# TASK GOAL
Reproduce exactly the line with "草地上马吃草视频高清在线视频素材下载" and every line that follows it below, up to and including the last one. Do not include pictures or anything else.

# SUPPLIED RECORDS

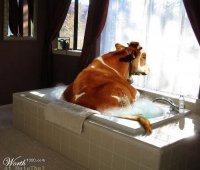 Она уже заждалась вас)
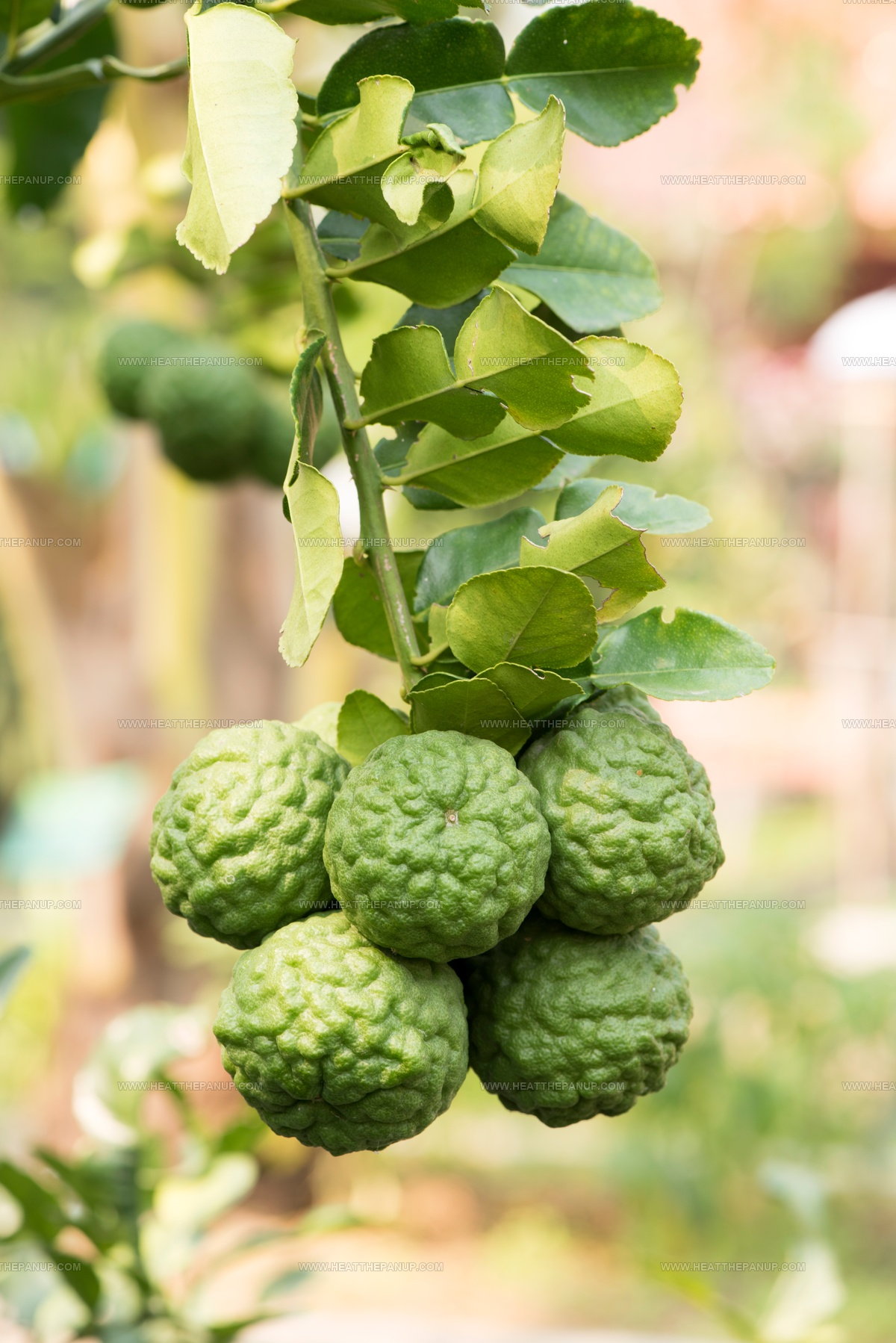3 Makrut Lime Leaf Replacements That Add Citrus Zest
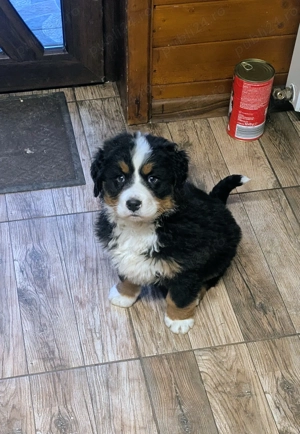 Ciobanesc de Berna - mascul - imagine 3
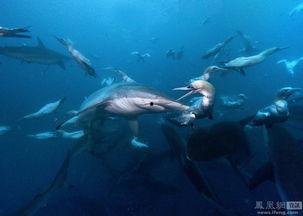 c和鲸鱼和圆圈猜一明星,揭秘C明星的神秘魅力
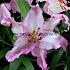 Or Brasilia Lilium Brasilia 16/18 (x 200)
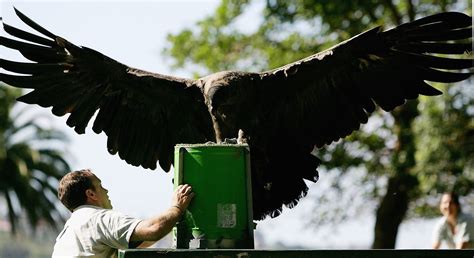 What Is a Condor in Golf? (With Scoring Examples)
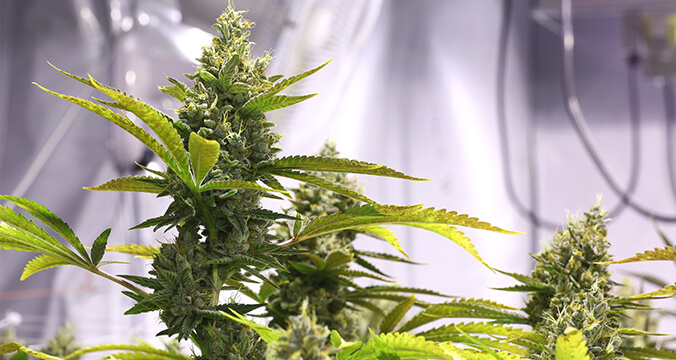 Las plantas de cannabis automáticas pueden producir flores listas para la cosecha en solo seis o siete semanas desde la germinación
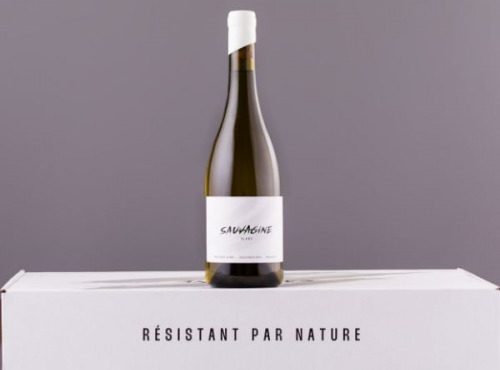 Domaine Sauvagine - Sauvagine Blanc 2024 x6 - Vin bio & cépages résistants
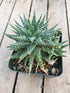 Aloe Descoingsii Haworthioides Plant or Aloe Pepe with Green with White Spikes coloured leaves and Pinkish Orange coloured flower 
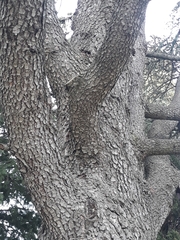 Cedrus atlantica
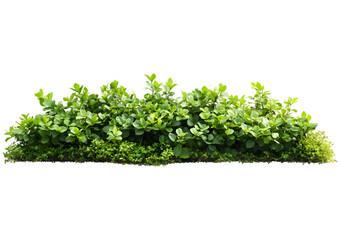 Obraz premium green bush plant isolated on transparent background PNG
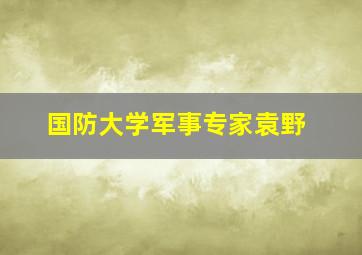 国防大学军事专家袁野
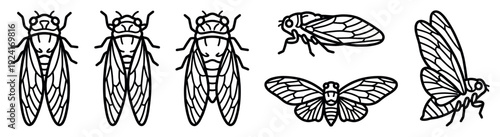 Black and white cicada insect illustration set with multiple views including top-down and side profile, rendered in a bold, minimalist, and graphic line art style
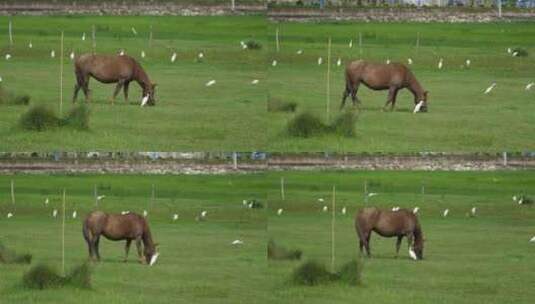 草地上马吃草视频高清在线视频素材下载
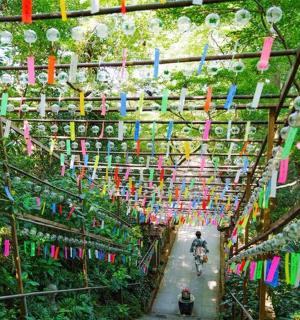 a person riding a bike in a garden with colorful flags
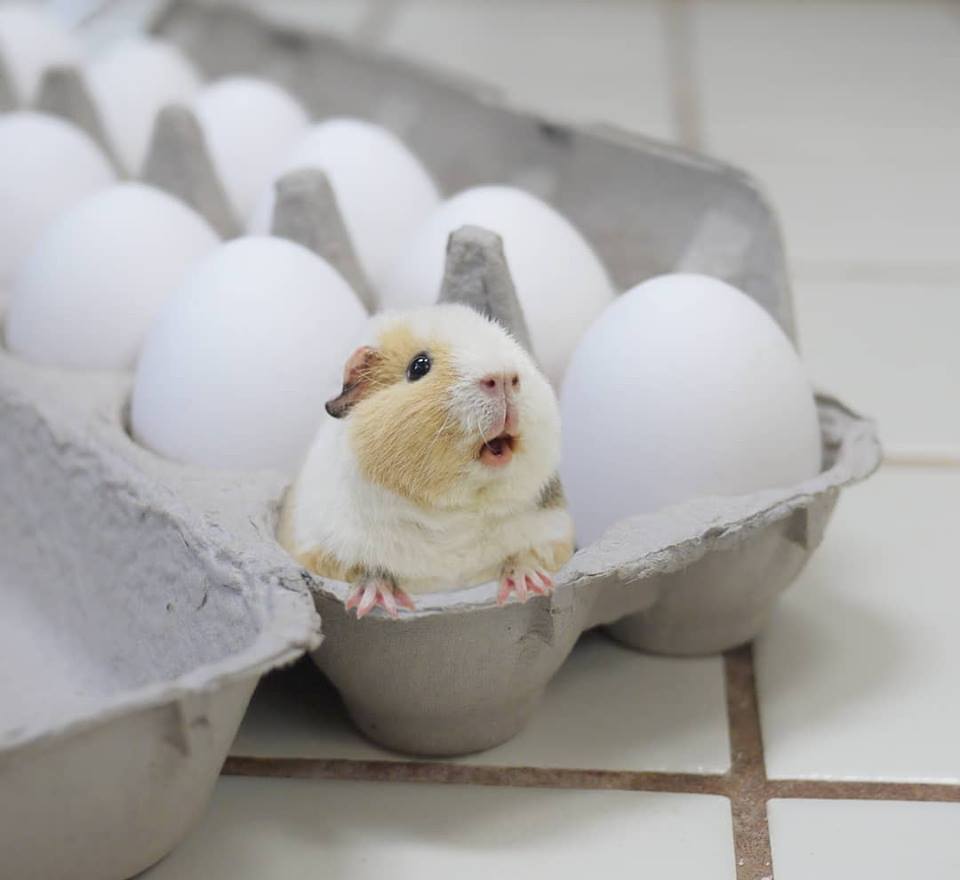 tenth egg - Eggs, Guinea pig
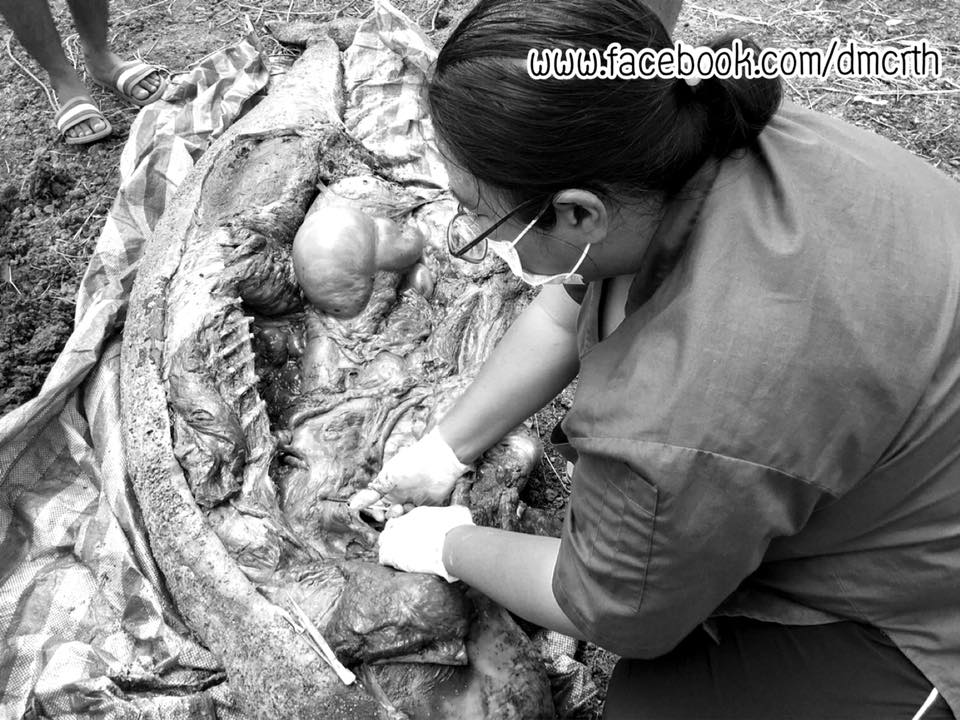 สุดเศร้า พบซากโลมาอิรวดีเกยตื้นทะเลสมุทรปราการ
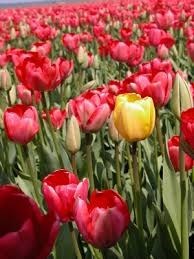 Obituary of Margaret Dietz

# ANSWER SECTION
 草地上马吃草视频高清在线视频素材下载
 a person riding a bike in a garden with colorful flags
 tenth egg - Eggs, Guinea pig
 สุดเศร้า พบซากโลมาอิรวดีเกยตื้นทะเลสมุทรปราการ
 Obituary of Margaret Dietz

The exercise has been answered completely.